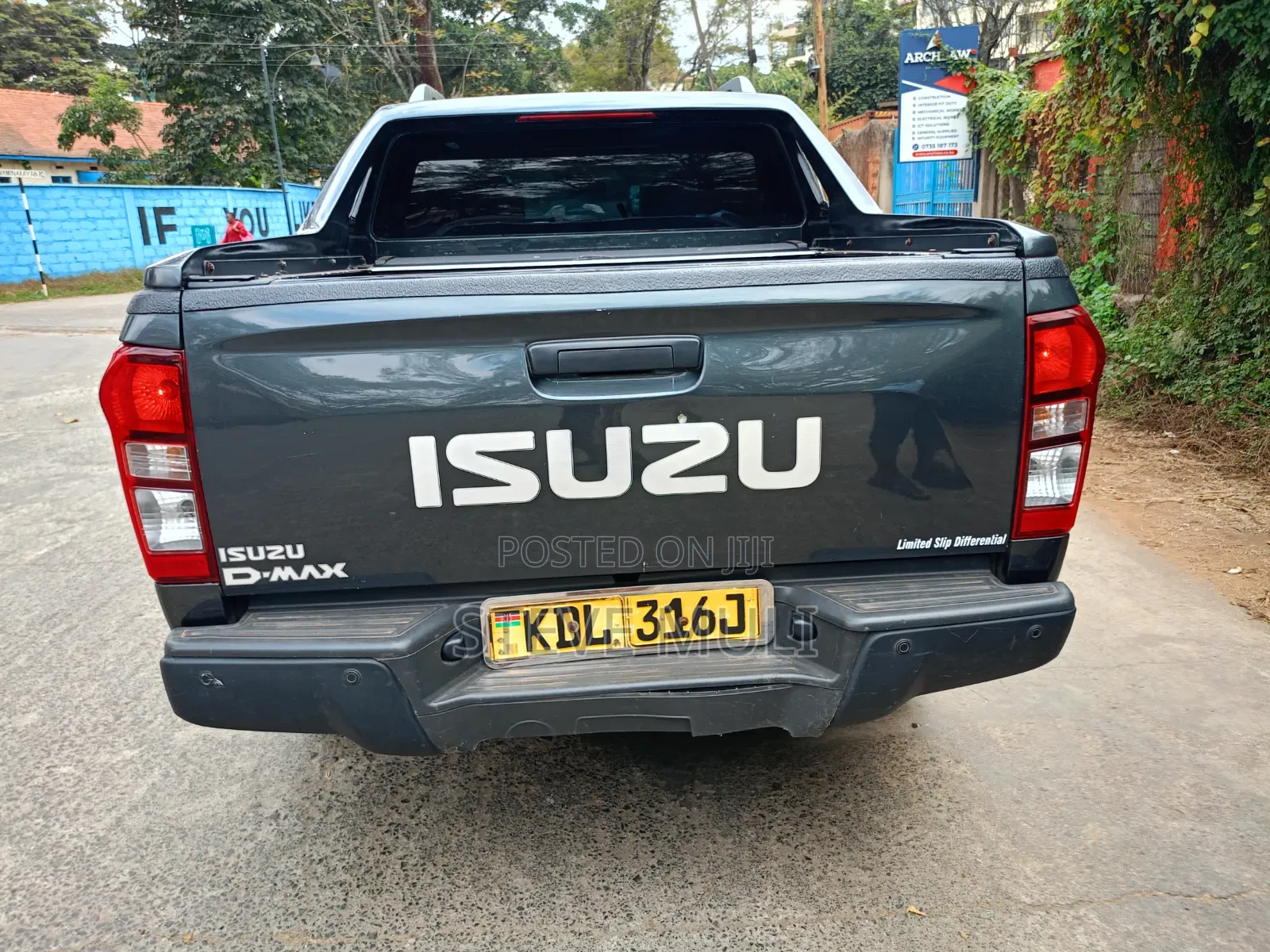 Isuzu D-MAX 2022 Brown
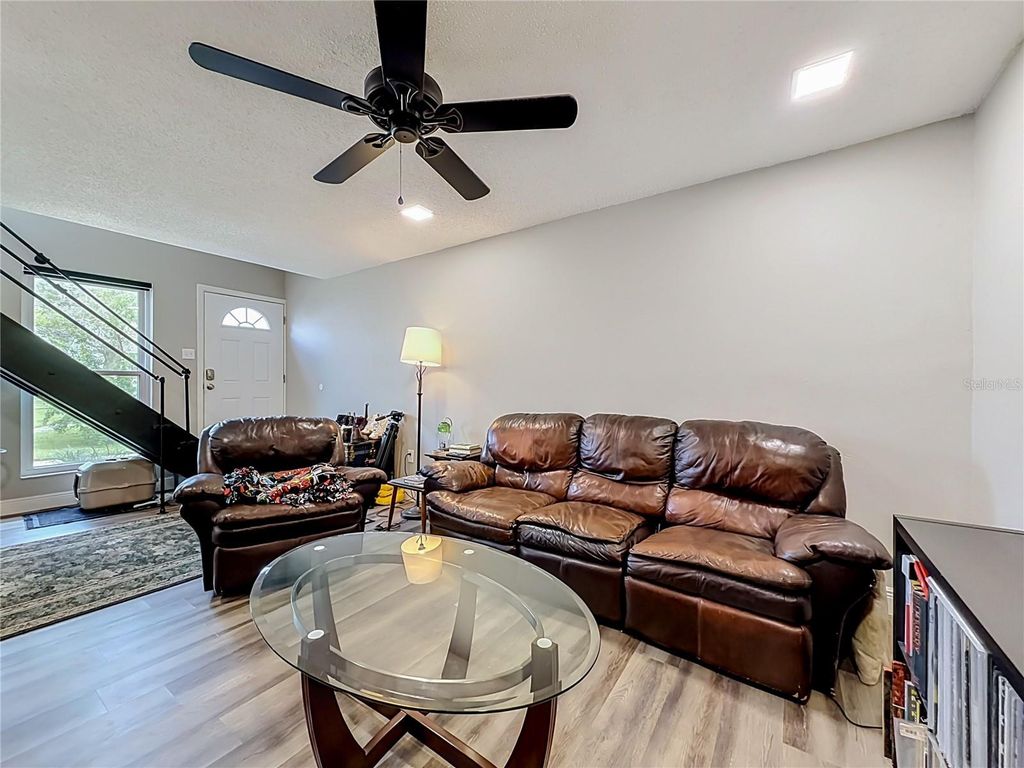 Image 13 of property listing at 2778 CURRY FORD ROAD 11-C, Orlando, FL 32806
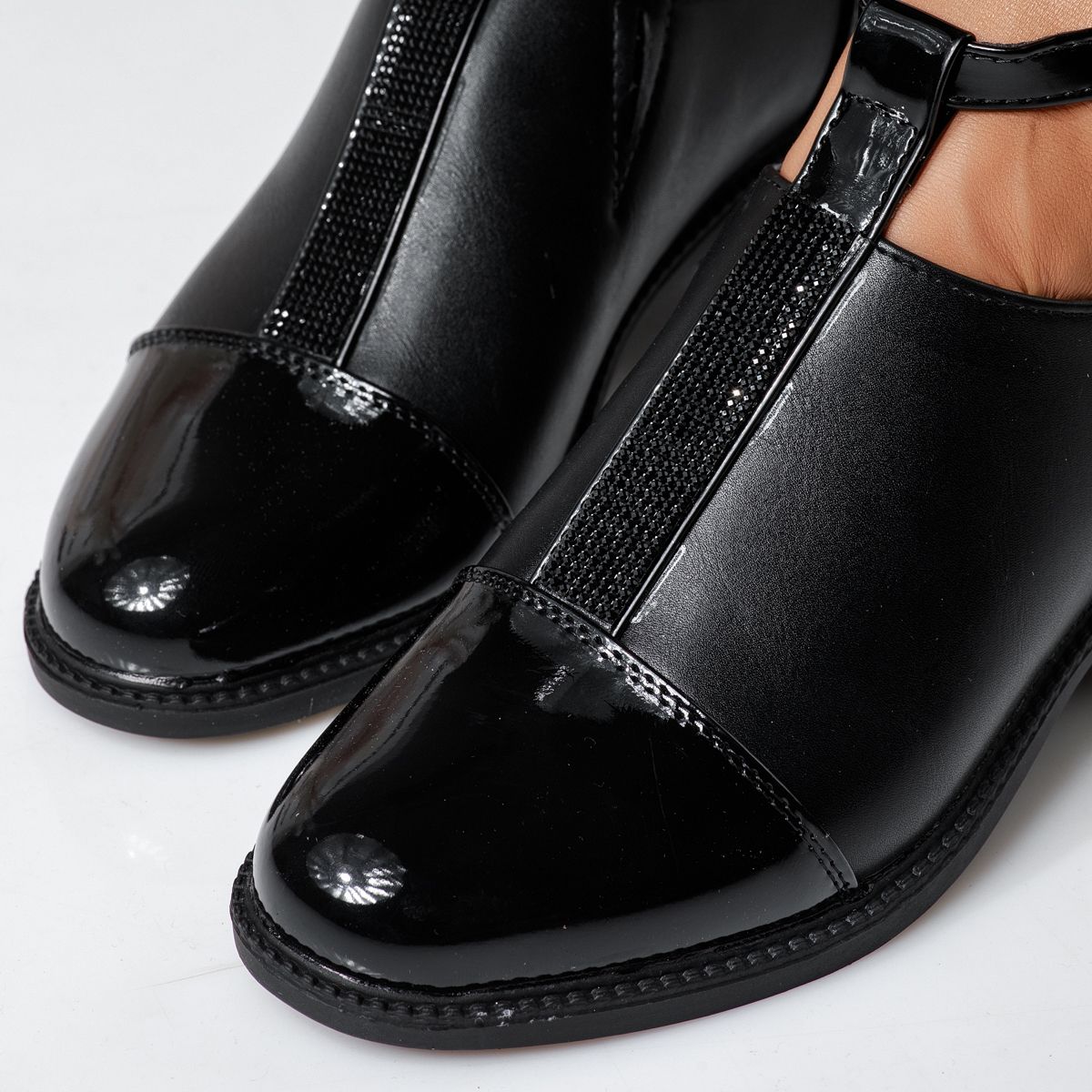 Дамски черни ежедневни обувки от екокожа Kara #24660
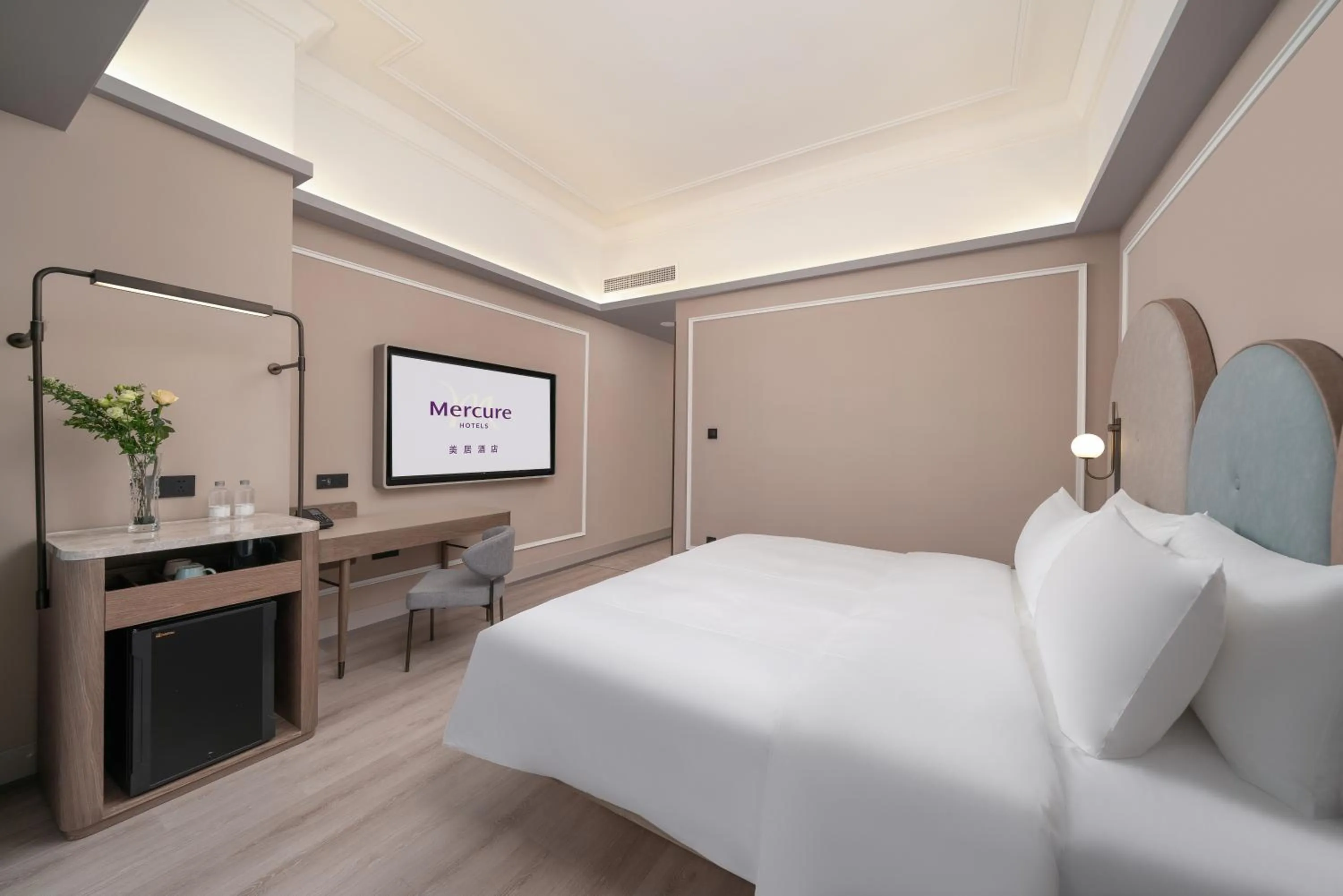 TV and multimedia, Bed in Mercure Guangzhou Tianhe Sports Center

• TASK
Copy out every line of the material above precisely, omitting the pictures.

• ANSWER BELOW
 Isuzu D-MAX 2022 Brown
 Image 13 of property listing at 2778 CURRY FORD ROAD 11-C, Orlando, FL 32806
 Дамски черни ежедневни обувки от екокожа Kara #24660
 TV and multimedia, Bed in Mercure Guangzhou Tianhe Sports Center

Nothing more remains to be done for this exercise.